Start of Records provided
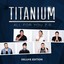 Titanium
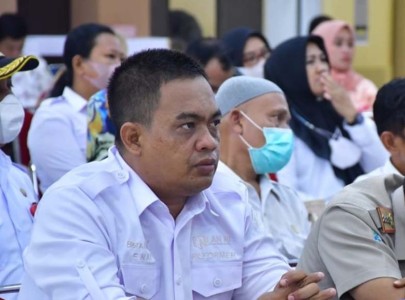camat-wara-sainal-sahid-mengikuti-kegiatan-audit-kasus-stunting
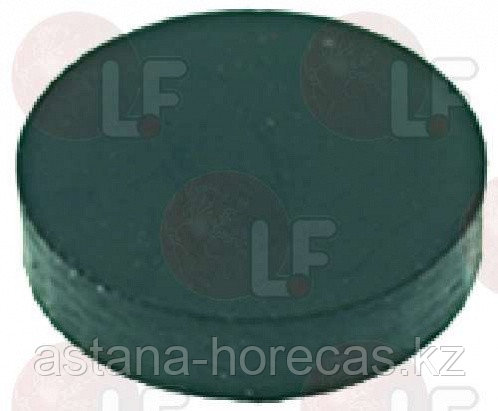 Глухая прокладка ø 13x3 mm 109069 San Marco
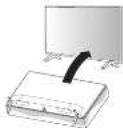 LG 49UK6300BUB - Life's Good - 6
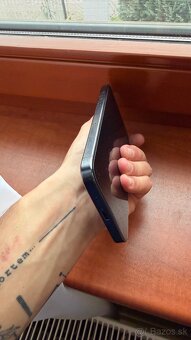 Iphone 15 pro max - 5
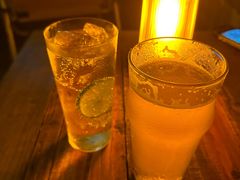 -城墙外BAR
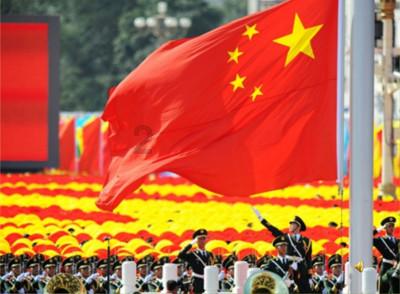 首台套全海况百千瓦气动式波浪能发电装备下水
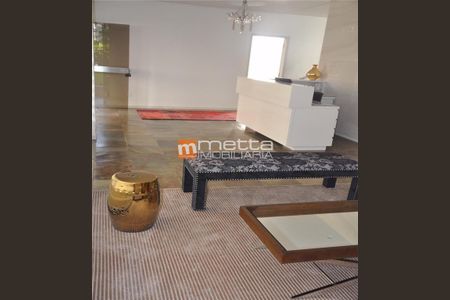 19_photo/9527381679.c48b7c1e58d559fc-ATLAS-d01cb1c7-ccd2-4d31-8ec5-2ef15d18fbd9.jpg de apartamento à venda com 4 quartos, 224m² em Centro, Florianópolis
End of Records provided
Reproduce precisely the lines of the listing above, from the line containing "Iphone 15 pro max - 5" to the last line, both ends included. Pictures are to be omitted.

 Iphone 15 pro max - 5
 -城墙外BAR
 首台套全海况百千瓦气动式波浪能发电装备下水
 19_photo/9527381679.c48b7c1e58d559fc-ATLAS-d01cb1c7-ccd2-4d31-8ec5-2ef15d18fbd9.jpg de apartamento à venda com 4 quartos, 224m² em Centro, Florianópolis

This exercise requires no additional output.